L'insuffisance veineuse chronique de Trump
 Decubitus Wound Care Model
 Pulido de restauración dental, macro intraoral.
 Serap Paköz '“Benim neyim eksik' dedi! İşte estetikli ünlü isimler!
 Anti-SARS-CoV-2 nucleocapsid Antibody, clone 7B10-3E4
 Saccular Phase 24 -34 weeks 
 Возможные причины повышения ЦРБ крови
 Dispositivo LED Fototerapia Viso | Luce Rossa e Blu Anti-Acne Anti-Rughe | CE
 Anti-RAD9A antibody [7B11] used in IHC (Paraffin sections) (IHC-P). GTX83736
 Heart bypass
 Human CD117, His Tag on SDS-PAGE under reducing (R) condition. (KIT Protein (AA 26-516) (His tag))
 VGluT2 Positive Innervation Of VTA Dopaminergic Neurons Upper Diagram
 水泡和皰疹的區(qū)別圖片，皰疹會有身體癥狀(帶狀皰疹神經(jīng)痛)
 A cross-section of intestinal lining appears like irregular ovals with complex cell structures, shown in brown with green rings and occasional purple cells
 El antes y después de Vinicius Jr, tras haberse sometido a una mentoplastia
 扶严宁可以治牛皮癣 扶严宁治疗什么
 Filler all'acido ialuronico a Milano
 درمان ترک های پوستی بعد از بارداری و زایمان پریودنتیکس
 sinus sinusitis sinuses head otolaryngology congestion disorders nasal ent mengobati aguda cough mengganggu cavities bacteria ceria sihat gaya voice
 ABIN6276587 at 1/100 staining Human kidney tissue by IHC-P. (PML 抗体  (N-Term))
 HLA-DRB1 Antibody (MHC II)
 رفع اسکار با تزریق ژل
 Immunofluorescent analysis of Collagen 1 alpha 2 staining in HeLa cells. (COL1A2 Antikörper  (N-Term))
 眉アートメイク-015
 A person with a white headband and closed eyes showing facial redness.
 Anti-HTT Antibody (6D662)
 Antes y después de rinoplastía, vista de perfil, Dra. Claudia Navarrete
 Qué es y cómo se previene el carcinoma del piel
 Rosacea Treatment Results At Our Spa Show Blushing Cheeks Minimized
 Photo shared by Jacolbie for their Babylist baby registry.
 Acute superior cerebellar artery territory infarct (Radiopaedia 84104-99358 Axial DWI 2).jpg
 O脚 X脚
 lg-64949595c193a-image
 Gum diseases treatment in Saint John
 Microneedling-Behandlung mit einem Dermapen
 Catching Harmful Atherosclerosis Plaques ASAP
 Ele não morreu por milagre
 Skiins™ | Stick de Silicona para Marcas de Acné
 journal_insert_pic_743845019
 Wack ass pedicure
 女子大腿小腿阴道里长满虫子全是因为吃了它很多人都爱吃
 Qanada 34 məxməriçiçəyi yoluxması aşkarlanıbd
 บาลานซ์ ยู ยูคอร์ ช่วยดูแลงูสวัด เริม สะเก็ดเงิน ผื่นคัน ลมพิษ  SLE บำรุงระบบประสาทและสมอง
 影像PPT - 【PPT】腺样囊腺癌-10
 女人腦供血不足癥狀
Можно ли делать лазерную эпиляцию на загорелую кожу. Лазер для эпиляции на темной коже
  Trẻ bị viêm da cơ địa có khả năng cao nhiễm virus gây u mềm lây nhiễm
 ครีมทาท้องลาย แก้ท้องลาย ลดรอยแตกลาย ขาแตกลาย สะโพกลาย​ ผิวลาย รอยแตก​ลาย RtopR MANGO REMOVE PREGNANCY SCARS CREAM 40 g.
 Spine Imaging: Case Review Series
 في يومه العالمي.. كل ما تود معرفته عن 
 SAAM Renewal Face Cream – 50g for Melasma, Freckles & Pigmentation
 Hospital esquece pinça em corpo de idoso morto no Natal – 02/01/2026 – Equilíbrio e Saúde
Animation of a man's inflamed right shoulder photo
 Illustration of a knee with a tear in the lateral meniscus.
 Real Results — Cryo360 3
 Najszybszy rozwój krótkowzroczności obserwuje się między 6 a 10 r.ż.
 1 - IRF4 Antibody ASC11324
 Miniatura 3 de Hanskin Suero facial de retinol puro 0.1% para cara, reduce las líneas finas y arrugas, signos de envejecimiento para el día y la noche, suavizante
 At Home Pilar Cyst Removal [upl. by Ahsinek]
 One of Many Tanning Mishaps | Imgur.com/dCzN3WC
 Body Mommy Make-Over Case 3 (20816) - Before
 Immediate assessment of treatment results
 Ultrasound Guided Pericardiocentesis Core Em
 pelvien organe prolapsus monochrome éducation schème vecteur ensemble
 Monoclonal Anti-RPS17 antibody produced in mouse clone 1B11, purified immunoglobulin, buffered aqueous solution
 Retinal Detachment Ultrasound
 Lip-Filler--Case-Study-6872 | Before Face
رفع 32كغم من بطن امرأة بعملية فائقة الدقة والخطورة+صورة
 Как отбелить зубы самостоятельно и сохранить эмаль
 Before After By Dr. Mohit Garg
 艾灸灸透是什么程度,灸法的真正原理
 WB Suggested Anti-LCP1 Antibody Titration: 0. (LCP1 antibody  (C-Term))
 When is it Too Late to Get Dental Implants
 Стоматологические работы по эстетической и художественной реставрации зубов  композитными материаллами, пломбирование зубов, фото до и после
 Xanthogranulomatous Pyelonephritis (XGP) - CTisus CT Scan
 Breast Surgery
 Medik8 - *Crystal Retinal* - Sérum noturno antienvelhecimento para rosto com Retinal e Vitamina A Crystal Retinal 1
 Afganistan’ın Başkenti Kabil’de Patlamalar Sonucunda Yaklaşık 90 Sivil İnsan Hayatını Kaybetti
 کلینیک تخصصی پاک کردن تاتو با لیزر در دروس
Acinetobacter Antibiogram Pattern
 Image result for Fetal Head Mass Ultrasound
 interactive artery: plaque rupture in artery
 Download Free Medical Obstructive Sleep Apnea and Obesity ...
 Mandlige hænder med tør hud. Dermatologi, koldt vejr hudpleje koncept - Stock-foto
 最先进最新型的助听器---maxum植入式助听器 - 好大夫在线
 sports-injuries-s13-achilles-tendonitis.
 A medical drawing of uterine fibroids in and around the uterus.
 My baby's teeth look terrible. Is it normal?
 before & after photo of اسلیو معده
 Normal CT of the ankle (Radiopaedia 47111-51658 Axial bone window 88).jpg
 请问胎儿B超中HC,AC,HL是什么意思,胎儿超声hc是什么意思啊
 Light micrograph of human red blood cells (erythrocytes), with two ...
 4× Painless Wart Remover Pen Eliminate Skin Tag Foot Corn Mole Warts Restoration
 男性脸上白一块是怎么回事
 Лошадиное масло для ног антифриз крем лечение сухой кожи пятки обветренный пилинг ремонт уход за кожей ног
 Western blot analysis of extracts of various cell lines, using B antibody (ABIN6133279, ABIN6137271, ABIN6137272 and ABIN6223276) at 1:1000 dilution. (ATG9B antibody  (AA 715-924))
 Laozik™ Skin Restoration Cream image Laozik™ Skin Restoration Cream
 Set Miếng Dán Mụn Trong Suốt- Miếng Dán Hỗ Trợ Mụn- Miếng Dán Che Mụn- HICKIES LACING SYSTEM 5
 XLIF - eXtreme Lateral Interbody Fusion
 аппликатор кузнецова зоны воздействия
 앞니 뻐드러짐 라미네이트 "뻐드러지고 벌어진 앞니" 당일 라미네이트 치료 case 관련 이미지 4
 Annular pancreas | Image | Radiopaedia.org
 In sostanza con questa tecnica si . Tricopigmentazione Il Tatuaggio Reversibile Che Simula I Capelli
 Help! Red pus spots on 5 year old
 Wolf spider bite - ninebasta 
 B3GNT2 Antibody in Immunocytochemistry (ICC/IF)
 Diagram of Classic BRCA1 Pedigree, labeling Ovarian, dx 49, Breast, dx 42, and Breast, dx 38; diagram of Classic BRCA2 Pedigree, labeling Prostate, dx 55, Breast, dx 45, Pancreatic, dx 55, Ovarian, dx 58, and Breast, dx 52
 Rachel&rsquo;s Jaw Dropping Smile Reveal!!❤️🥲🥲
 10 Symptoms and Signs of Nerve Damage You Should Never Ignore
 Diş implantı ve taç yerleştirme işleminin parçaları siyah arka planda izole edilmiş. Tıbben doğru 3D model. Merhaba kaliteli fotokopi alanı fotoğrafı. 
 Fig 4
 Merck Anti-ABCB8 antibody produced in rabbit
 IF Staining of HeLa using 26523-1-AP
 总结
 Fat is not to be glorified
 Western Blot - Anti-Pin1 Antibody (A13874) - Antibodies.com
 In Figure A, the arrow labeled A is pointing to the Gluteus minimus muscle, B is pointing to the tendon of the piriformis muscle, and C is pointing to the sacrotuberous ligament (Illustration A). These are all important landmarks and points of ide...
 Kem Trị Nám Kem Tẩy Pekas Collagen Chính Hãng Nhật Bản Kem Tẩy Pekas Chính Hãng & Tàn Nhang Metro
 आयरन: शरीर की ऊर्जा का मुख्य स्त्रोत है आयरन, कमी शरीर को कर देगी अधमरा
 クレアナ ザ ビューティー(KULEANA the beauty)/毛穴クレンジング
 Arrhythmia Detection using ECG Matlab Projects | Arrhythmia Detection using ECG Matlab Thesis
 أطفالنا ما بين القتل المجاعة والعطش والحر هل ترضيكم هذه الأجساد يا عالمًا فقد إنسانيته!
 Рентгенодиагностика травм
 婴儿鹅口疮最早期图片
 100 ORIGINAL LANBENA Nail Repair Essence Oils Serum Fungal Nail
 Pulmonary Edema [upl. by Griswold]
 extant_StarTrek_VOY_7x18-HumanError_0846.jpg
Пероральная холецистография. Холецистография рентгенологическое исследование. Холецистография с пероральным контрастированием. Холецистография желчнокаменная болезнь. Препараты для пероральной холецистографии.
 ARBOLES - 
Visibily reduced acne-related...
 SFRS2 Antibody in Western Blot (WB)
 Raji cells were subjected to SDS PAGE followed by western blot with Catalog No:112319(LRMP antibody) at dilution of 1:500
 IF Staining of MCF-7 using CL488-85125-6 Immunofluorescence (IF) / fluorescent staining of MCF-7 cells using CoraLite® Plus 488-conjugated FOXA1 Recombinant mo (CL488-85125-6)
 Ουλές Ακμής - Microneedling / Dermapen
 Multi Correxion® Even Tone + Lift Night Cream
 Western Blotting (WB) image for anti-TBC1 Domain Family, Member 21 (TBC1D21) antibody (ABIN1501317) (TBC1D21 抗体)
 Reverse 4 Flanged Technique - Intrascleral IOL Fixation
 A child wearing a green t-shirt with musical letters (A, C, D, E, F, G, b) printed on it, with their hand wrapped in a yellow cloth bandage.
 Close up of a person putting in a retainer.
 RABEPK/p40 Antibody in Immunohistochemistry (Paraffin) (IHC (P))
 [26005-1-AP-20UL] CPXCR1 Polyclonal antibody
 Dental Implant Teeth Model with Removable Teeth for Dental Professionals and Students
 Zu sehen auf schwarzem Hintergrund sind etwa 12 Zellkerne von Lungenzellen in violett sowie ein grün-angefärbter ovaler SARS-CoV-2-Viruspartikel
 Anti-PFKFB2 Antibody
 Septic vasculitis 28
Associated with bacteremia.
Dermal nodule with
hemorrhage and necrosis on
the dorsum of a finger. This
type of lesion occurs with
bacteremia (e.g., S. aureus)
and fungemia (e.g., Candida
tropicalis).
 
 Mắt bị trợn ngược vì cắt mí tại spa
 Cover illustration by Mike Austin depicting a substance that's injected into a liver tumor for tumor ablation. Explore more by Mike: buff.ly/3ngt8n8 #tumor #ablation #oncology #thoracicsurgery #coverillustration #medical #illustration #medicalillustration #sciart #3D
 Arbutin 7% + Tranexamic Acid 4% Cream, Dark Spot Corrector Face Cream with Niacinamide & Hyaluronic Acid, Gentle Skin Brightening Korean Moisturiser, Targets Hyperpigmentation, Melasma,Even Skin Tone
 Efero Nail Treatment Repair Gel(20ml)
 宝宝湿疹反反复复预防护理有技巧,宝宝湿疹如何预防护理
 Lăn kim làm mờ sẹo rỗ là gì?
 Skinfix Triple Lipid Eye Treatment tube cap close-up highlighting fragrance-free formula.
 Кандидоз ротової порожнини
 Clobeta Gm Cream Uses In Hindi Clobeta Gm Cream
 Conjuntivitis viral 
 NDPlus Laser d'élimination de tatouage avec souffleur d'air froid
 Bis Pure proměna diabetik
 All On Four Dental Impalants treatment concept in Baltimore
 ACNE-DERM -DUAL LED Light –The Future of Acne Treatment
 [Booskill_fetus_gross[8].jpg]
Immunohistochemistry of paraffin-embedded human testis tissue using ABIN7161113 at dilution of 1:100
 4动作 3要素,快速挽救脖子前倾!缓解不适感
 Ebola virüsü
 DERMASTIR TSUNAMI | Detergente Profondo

-------------------------

Your task => The reply should hold only the lines of the listing above starting at the line containing "Associated with bacteremia." and ending at the line containing "Arbutin 7% +", exactly as written.

Answer space =>
Associated with bacteremia.
Dermal nodule with
hemorrhage and necrosis on
the dorsum of a finger. This
type of lesion occurs with
bacteremia (e.g., S. aureus)
and fungemia (e.g., Candida
tropicalis).
 
 Mắt bị trợn ngược vì cắt mí tại spa
 Cover illustration by Mike Austin depicting a substance that's injected into a liver tumor for tumor ablation. Explore more by Mike: buff.ly/3ngt8n8 #tumor #ablation #oncology #thoracicsurgery #coverillustration #medical #illustration #medicalillustration #sciart #3D
 Arbutin 7% + Tranexamic Acid 4% Cream, Dark Spot Corrector Face Cream with Niacinamide & Hyaluronic Acid, Gentle Skin Brightening Korean Moisturiser, Targets Hyperpigmentation, Melasma,Even Skin Tone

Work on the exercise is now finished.